However, on April 2, the Financial Times headlined: “Bailed-out banks eye toxic asset buys.” Giants like JP Morgan Chase, Citigroup, Bank of America, and Goldman Sachs “are considering buying (each other’s) toxic assets”. And why not when it’s a win-win way to offload each other’s junk, do it at inflated prices, and stick taxpayers with the risk? New York University’s Stern School of Business Professor Lawrence White put it this way:

“I’m worried about the following scenario: You and I have troubled assets, I buy assets from you, you buy them them from me, and at the end of the day it ends up suspiciously like you bought assets from yourself” with Treasury funds.

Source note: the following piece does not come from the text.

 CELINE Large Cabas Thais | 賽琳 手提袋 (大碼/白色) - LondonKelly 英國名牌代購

PPIP prohibits banks from buying their own assets but lets them do it from other firms, either directly or through investment funds set up for that purpose, and according to Treasury: “It’s an open program designed to get markets going.”

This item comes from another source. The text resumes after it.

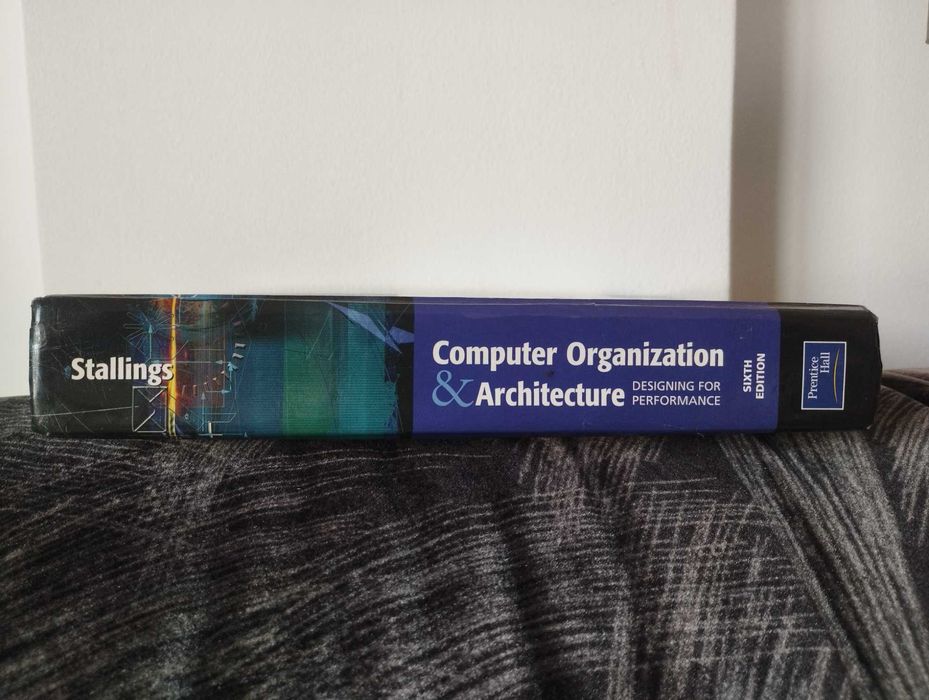 Computer Organization & Architecture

On April 3, Reuters reported that “US regulators may be open to letting TARP recipients participate in the new program,” and already Goldman Sachs and Morgan Stanley suggested they’ll do it. Others expressed interest in what some observers call a giant money laundering scheme compounding the colossal flimflam that in the end most likely won’t work – except to extract multi-trillions from the public to banksters with Washington acting complicitly as transfer agent.

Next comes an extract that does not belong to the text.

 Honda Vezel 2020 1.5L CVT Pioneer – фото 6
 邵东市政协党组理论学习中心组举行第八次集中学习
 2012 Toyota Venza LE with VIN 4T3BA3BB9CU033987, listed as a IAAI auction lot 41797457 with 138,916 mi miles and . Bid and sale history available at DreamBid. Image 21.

Meanwhile economic fundamentals are deteriorating at depression-level speed and depth while Obama remains in denial. On April 2 at the G20 summit, he called it “a very productive summit that will be, I believe, a turning point in our pursuit of global economic recovery”, when in fact it produced nothing beyond the usual hype – plus this time the quadrupling of the IMF’s budget to inflict debt bondage on its willing partakers.

We’re clearly in early stage unchartered waters of what Michel Chossudovsky calls “The Great Depression of the 21st Century” heading America for “fiscal collapse” because of policies amounting to “the most drastic curtailment in public spending in American history” – directing most of it for militarism and foreign wars, Wall Street bailouts, and half a trillion for public debt service.

In an April 12 commentary, longtime, well-respected Chicago financial journalist Terry Savage headlined “Facing Up to the Truth Aboug Social Security” in reporting on some of the fallout. Someone has to pay for “fixes” and militarism, that someone is us, and target one is Social Security.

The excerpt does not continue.